• A depositary receipt (DR) represents an ownership interest in securities of a foreign issuer typically trading outside its home market. ADR is a tradable instrument, and the depositary receipts that are trading in the United States are known as American depositary receipts, or ADRs.
  • Depositary receipts that are traded in an international market outside the United States are known as global depositary receipts, or GDRs. Most depositary receipts are quoted and traded in US$ terms. There are some DRs that are traded in euros and pounds sterling.
  • Typically a bank issues depositary receipts and also functions as a depository and issuing agent for the same.
  • The depositary receipt is issued against the deposit of domestic ordinary shares in the bank’s custody account in the home market.
  • These shares continue to remain on deposit with the bank’s custodian until the depositary receipts are cancelled.
  • When the depositary receipt is returned to the bank that acts as the depository for cancellation, the depositary bank instructs its custodian to deliver the underlying local share as per the instructions received from the party delivering the depositary receipt.
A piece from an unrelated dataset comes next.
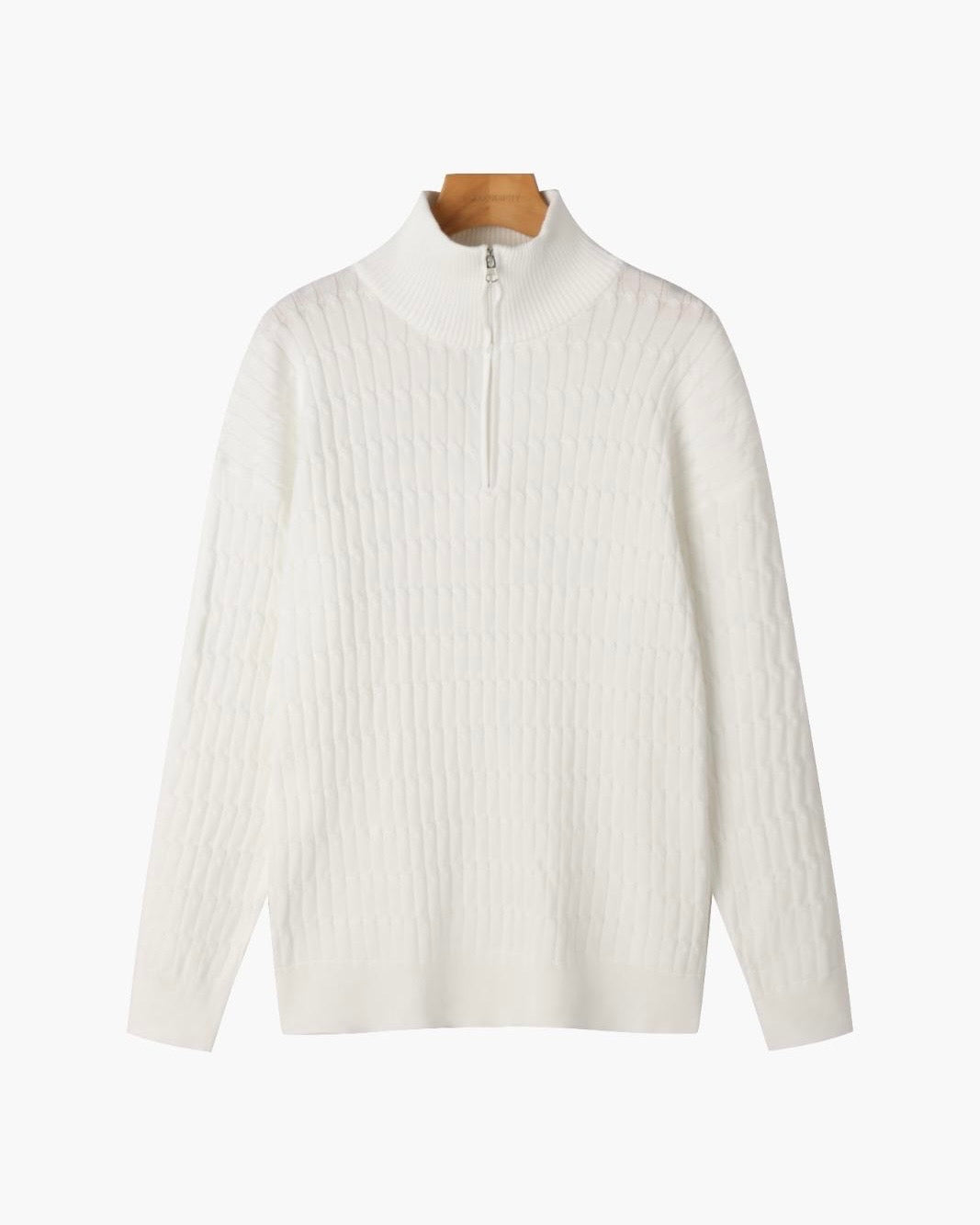 GWANGJU Maglione Mezza Zip: Stile e Comfort per Ogni Occasione!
  • Each depositary receipt is backed by a specified number of the issuer’s local shares, known as the depositary receipt ratio. The ratio is manipulated in such a way that the price of each DR falls in a competitive price range that is considered attractive to the issuer’s international peer group. The ratio of depositary receipt to underlying shares can be in whole numbers or fractions, depending upon the local share price.
  • There are several benefits of DRs to the issuers as well as the investors.
  • An American depositary receipt (ADR) is a stock that trades in the United States but represents a specified number of shares in a foreign corporation. ADRs are bought and sold on American markets just like regular stocks. They were first introduced to the financial markets in 1927.
  • The sponsor bank purchases a bulk lot of shares from a foreign company and then bundles the shares into groups for the purpose of reissuing the same in any of the American stock exchanges. The issuing company is required to provide detailed financial information to the sponsor bank.
  • Global depositary receipts are depositary receipts in Europe or other non-U.S. markets pursuant to Regulation S promulgated under the U.S. Securities Act of 1933. GDRs are listed on European stock exchanges such as London or Luxembourg.
  • A company can choose to combine its GDR offering with an ADR offering into the U.S. markets. Then the ADRs may be publicly listed on a U.S. exchange and offered to retail investors, or may be privately placed with qualified institutional buyers pursuant to Rule 144A.
  • There are basically three levels of ADRs that are available, each having its own merits and disadvantages. The issuing company will choose the level that fits best considering the other requirements.
  • Analyzing foreign companies involves further scrutiny than merely looking at the fundamentals. In fact there are innumerable risk factors that determine the value of the depositary receipts in addition to the performance of the company. Investors should be aware of those risks.
  • Restricted programs are those that are meant to be traded by only certain individuals. In the United States, the Securities Exchange Commission allows these types of issuance of shares as per Rule 144-A and Regulation S.